Transcribe the full listing exactly, and drop every picture.
>>
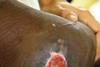 Ulcer on pigmented skin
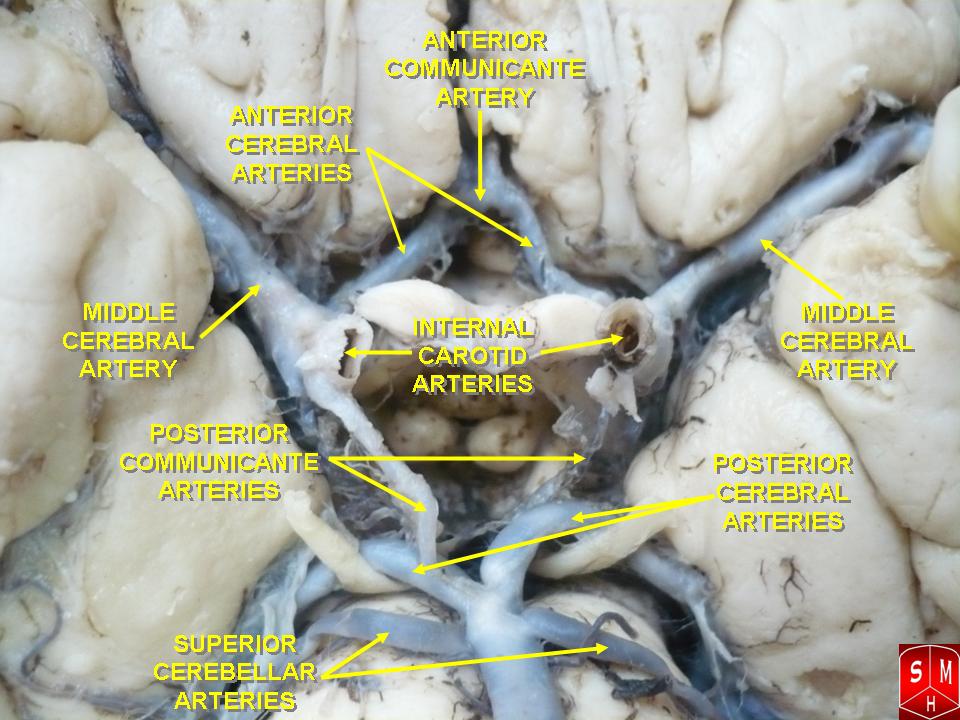 Circle of Willis – Anatomist90 via Wikimedia Commons. Licensed under CC BY-SA 3.0.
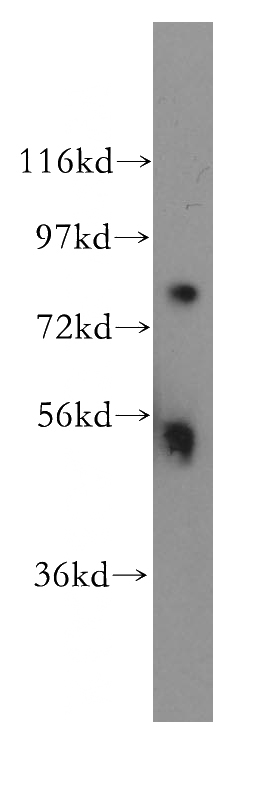 mouse testis tissue were subjected to SDS PAGE followed by western blot with Catalog No:110563(FBXW2 antibody) at dilution of 1:500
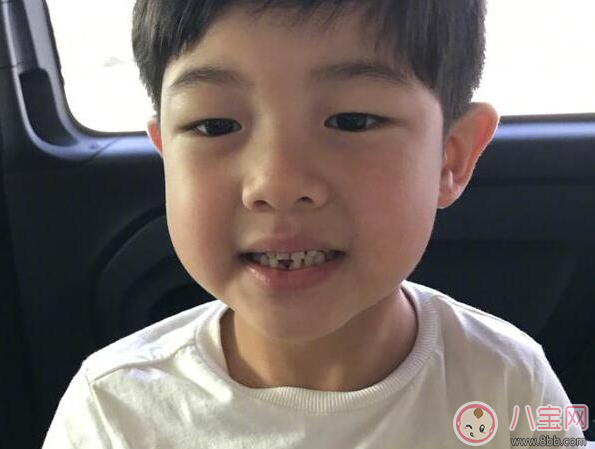 孩子出牙晚是福氣好嗎 哪些情況會影響孩子出牙 孩子出牙晚是福氣好嗎 哪些情況會影響孩子出牙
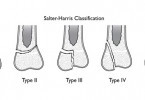 Menkes Disease Symptoms, Causes, Diagnosis And Treatment - Natural ...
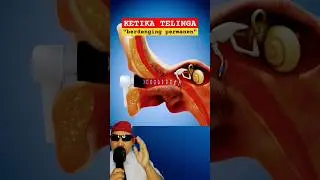 KETIKA TELINGA!! Berdengung permanen #physics #sains #education #science #earbuds @zackdfilms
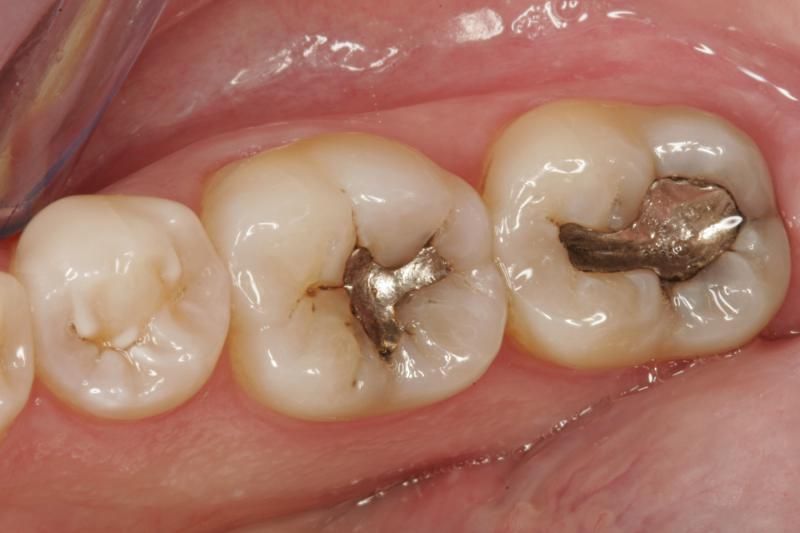 Tình trạng sức khỏe răng miệng cũng ảnh hưởng tới chi phí trồng răng nhai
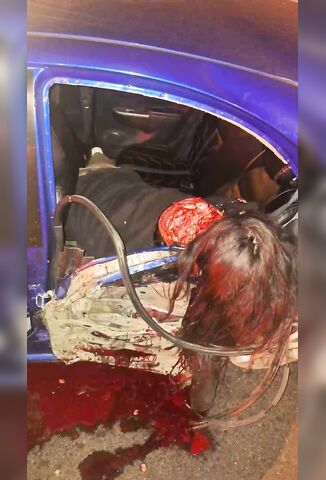 Two Killed One Scalped In High Impact RTA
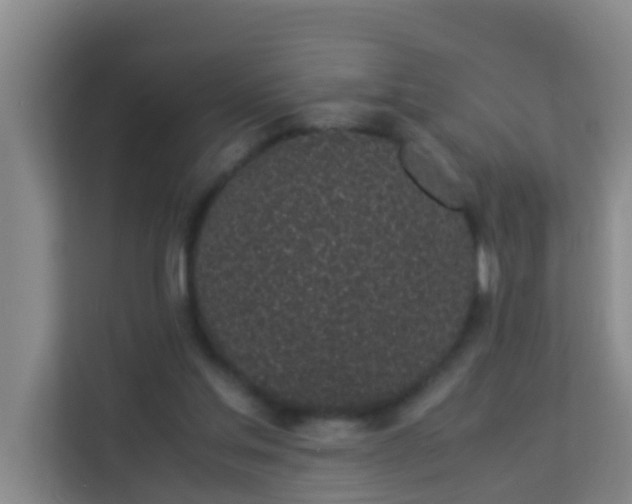 X0000113930205200910091609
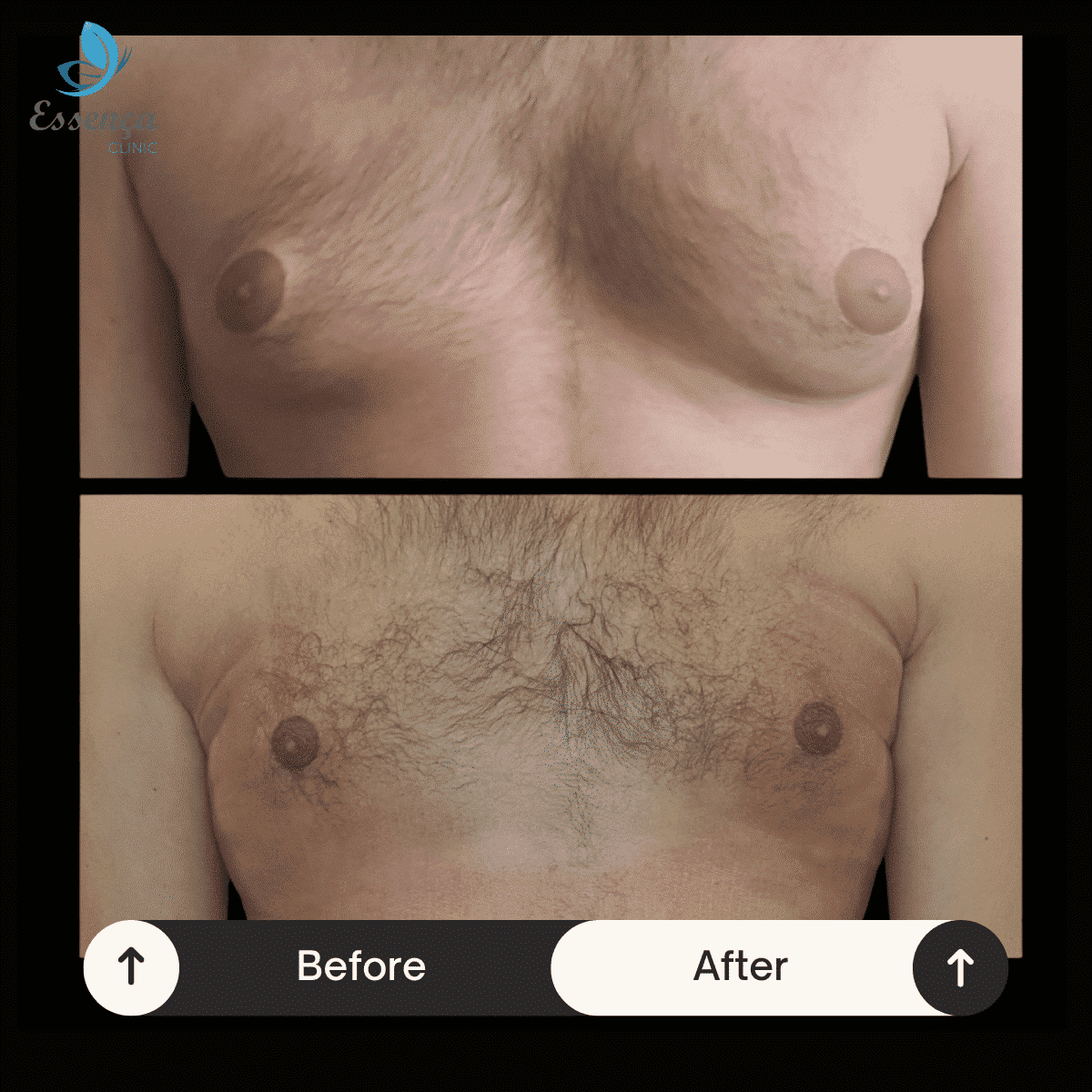 Before After Dr. Burak Efeoğlu (67)-min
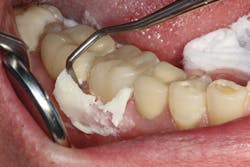 1701dekim P04 1701dekim P04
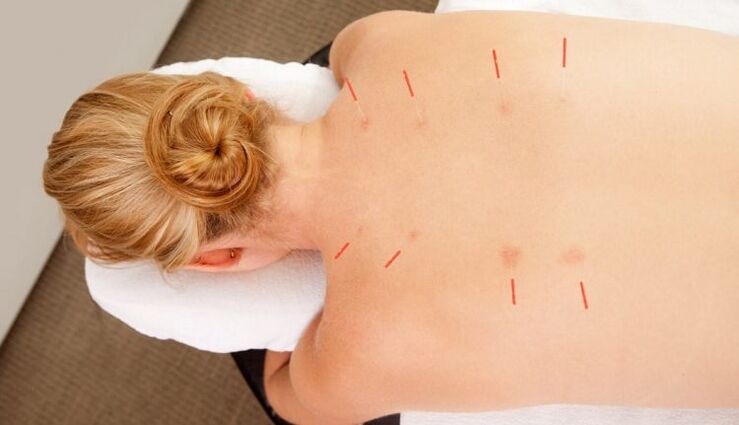 Acupuncture for thoracic osteochondrosis with many advantages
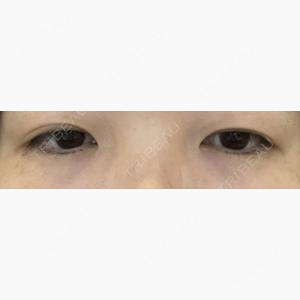 オアシス美容外科口コミ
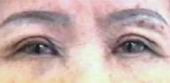 upper eyelid surgery after 7 days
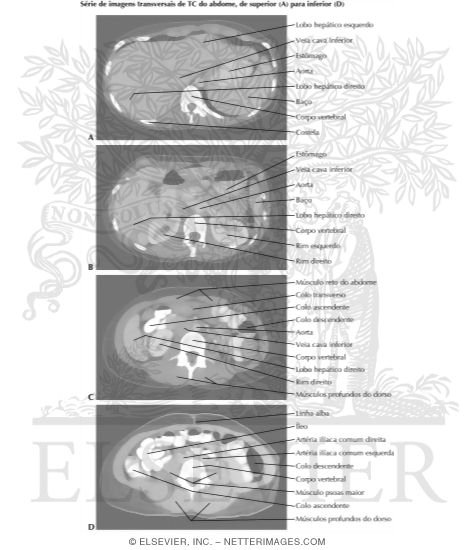 Abdominal Scans: Axial CT Images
<<
Answer section —
 Ulcer on pigmented skin
 Circle of Willis – Anatomist90 via Wikimedia Commons. Licensed under CC BY-SA 3.0.
 mouse testis tissue were subjected to SDS PAGE followed by western blot with Catalog No:110563(FBXW2 antibody) at dilution of 1:500
 孩子出牙晚是福氣好嗎 哪些情況會影響孩子出牙 孩子出牙晚是福氣好嗎 哪些情況會影響孩子出牙
 Menkes Disease Symptoms, Causes, Diagnosis And Treatment - Natural ...
 KETIKA TELINGA!! Berdengung permanen #physics #sains #education #science #earbuds @zackdfilms
 Tình trạng sức khỏe răng miệng cũng ảnh hưởng tới chi phí trồng răng nhai
 Two Killed One Scalped In High Impact RTA
 X0000113930205200910091609
 Before After Dr. Burak Efeoğlu (67)-min
 1701dekim P04 1701dekim P04
 Acupuncture for thoracic osteochondrosis with many advantages
 オアシス美容外科口コミ
 upper eyelid surgery after 7 days
 Abdominal Scans: Axial CT Images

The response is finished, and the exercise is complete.